With the lessons of Turin in mind, Mike Babcock's coaching staff is determined to prevent history from repeating itself.

CALGARY – In a game that has given us more than our fair share of men who act as if they invented the game, Mike Babcock has never followed the Ron Wilsons and Mike Keenans down the path of self righteousness.

Despite the fact he has won a Stanley Cup, been to two finals in a row, and now heads up perhaps the most important team in this great hockey country’s history, Babcock manages to stay humble.

So when you ask the head coach about his assistants, he doesn’t just tell you what roles they have been given. Because that would make him sound like he is in charge, like the coaching staff isn’t the team effort he wants it to be.

"To be a coach and to want to get better, you have to surround yourself with smart people. These guys are smart guys, bring a lot of wisdom, have done a lot of winning," begins Babcock.

So when he put together his Team Canada staff he called Columbus head coach Ken Hitchcock, a veteran of two Olympics and the World Cup, veteran New Jersey head coach Jacques Lemaire, and the NHL coach with the longest running tenure, 12-year Buffalo Sabres head coach Lindy Ruff.

"Hitch is in charge of all faceoff schemes, in charge of all the pre-scouts and the post-scouts, and he’ll be our eye in the sky," Babcock said. "Jacques is in charge of our penalty kill, and he’s going to be with me on the bench, matchup-wise. Lindy is going to run the power play, and he’ll run the D on the back."

Hitchcock is the experience guy. He’ll see hurdles coming long before they arrive, and after the disaster that was Turin, his experience can already be seen in the size of this camp.

"The biggest mistakes we made?" Hitchcock said of Turin, "we didn’t look close enough at the next wave (of younger players). The second thing was, we took over a lot of players who were banged up. And after two games, they were really banged up. Looking back on it, we should have brought healthier players.

"We had two players who basically went from ice bucket to skate to play. That was tough on those guys, and made for a tough evaluation, because those guys were trying, they knew we were short on the back end and they were trying to help us."

Chris Pronger was playing on a broken foot, while Wade Redden had a bad groin. With this orientation camp expanded to 46 players, the health of all 23 players eventually chosen to go to Vancouver will be closely scrutinized come February. With more players having been part of this camp, it will be easier to have a roster of 100 percent healthy players.

In all the years that Lemaire has been around this game, he has never had a call from Team Canada.

"I only played in exhibition games against the Russians, in 1975, New Years Eve," he said. "Only these types of games. I never played for Team Canada. I remember in ’72, I was disappointed. But there were a lot of good players."

Somehow Lemaire ended up on Babcock’s staff, after some pestering by the Detroit head coach.

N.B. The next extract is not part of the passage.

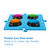 Angled view of a flexible blue Tech4Pets mat with four talking buttons fitted
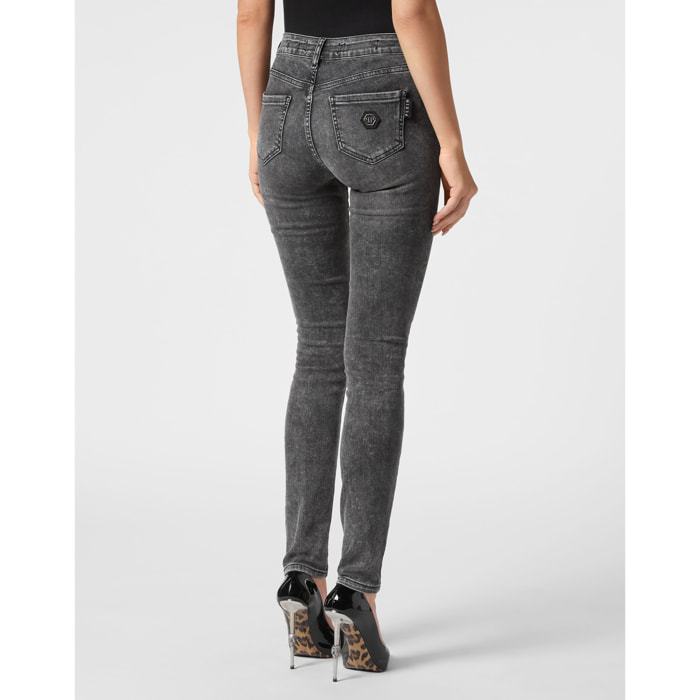 PHILIPP PLEIN Jegging a vita alta HEART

"Once in a while he’d call me. Probably once a year," Lemaire was saying this week. "He even asked me lately to sit down for a few hours, because he knew maybe I would retire. ‘Maybe we could sit and chat about the game?’ I said, ‘Oh, I don’t want that.’ Now, he’s got me.’"

Between them all, their ability to function smoothly under the intense pressure of Vancouver can not be questioned.

Babcock is coming off of his second straight Cup final — and a seventh game to boot.

Ruff coached against Hitchcock back in 1999, when Game 6 of the Sabres-Dallas Stars final went into triple OT, before Brett Hull scored the winning goal with his foot in Dominik Hasek’s crease.

Then there is Lemaire, the former Montreal Canadiens centre who sweated out that 1975 New Year’s Eve game against the Red Army, sometimes refereed to as the greatest game ever played.

"There are games that you play at different times in your life, that I’m sure it’s the same thing," he said of the pressure he is expecting in Vancouver. "New Years Eve, I remember the guys were all dressed up a half hour before the warm-up, walking in the room. If there is more pressure than that, we’ll need the paramedics."

"The (Olympic) games are so intense," Hitchcock said. "The experience of coaching in the Stanley Cup playoffs when it really gets rich, I think that experience is really valuable. Because there’s a sense of desperation on the ice that, until you‘ve been there and done it and played in those competitions, it almost overwhelms you.

"There’s nothing like either a sudden-death game or a game where every shift feels like the last shift. To me, the richest game I’ve ever coached in was the overtime game in the World Cup against the Czechs."

It will be even "richer" in Vancouver, of that you can be sure.

With this much experience behind the Team Canada bench, it is hard to think they won’t be able to handle whatever gets thrown Canada’s way.